# cheap airbrush paint



## Jacobiv (May 23, 2015)

My first paints set I got from hobby lobby in Sacramento were around $5 for 2oz. I happened to be walking thru Walmart today and noticed this huge section of .50 cent 2oz acrylic paint that is water soluble. The brand is called apple barrel. You can find a bunch of threads around and on RC groups.I got every color I ever wanted aND some ammonia free windex for less than $20.


----------



## djnick66 (May 2, 2008)

I personally find that stuff to be largely useless but that is just my opinion of it. I have tried some Apple Barrel, Plaid, etc. paints and just found that for modeling they are not as good as good quality model paints. For one, they do not adhere well to bare plastic, and can flake or rub off easily. Coverage by brush is usually pretty poor too. I thinned down a brown for airbrushing, and it was mediocre compared to say Tamiya's solvent based acrylics. I do use these for things like groundcover on dioramas that is usually porous and absorbs a lot of paint. There has been a lot of discussion of the merits (or lack of) of these paints in the general modelling group here too.


----------



## debrartin (Mar 19, 2015)

Jacobiv said:


> My first paints set I got from hobby lobby in Sacramento were around $5 for 2oz. I happened to be walking thru Walmart today and noticed this huge section of .50 cent 2oz acrylic paint that is water soluble. The brand is called apple barrel. You can find a bunch of threads around and on RC groups.I got every color I ever wanted aND some ammonia free windex for less than $20.

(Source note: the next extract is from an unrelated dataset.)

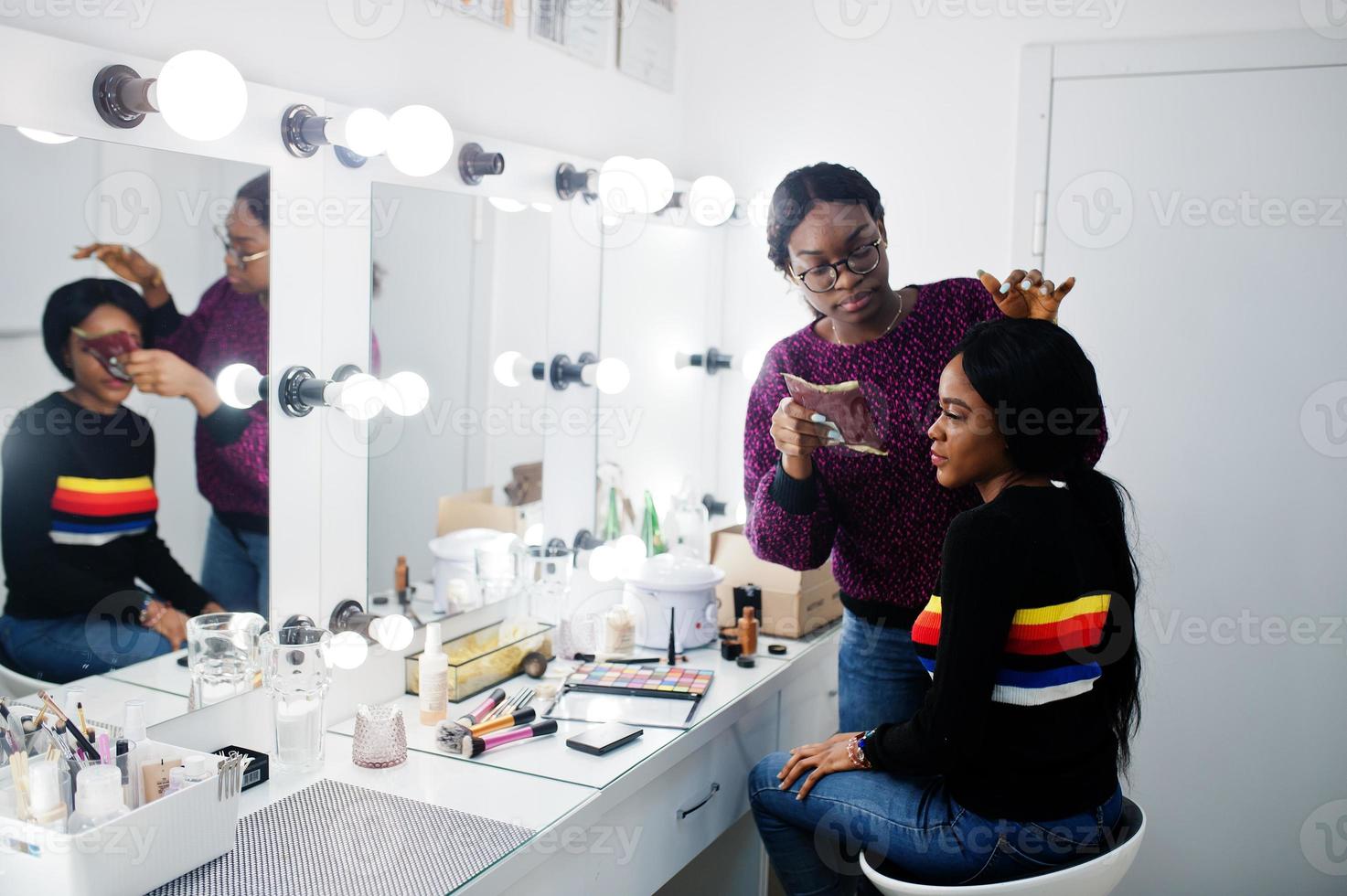 mujer afroamericana aplicando maquillaje por maquillador en el salón de belleza. foto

 I have used apple barrel paints from walmart and acrylic craft paint and best acrylic brushes from artist supply source through an airbrush to paint planes made out of dollar tree foam with good results. Always seal the plane with minwax first unless you want the paper to get ruined and peel off! You do have to thin the paint alot with windex. About 50/50 but it will also depend on the airbrush being used and the pressure you are running it at. It also dries very fast after you spray it down. Clean out your airbrush immediately after spraying it or it will get clogged and be more difficult to clean.


----------



## MightyMax (Jan 21, 2000)

Thin it with Future and it airbrushes phenomenally and becomes very durable.
Max Bryant


----------



## Faust (Dec 1, 2012)

MightyMax said:


> Thin it with Future and it airbrushes phenomenally and becomes very durable.
> Max Bryant


That's true for everything.

I use a mix of 1/3 Future : 2/3 Isopropyl alcohol (99%) as my airbrush thinner. It's the only way, I've found, to airbrush Model Master Acrylics, and it's a cheap thinner!

Adding Future to a thinner will make any paint or finish extremely hard and durable, not to mention that the gloss it imparts is good for decalling.

HOWEVER: you do have to make sure the paint is quite dry before coating or sealing it. Future takes a while to dry, and if you can smell it, it's not quite there. 

I use a dehydrator to 'force' the drying much faster; Future does well under heat, but can absorb A LOT of heat, becoming too hot to handle, actually. I never expose something Futured or Future-based to more than 47°C (that's about 117°F).

There's my two cents!


----------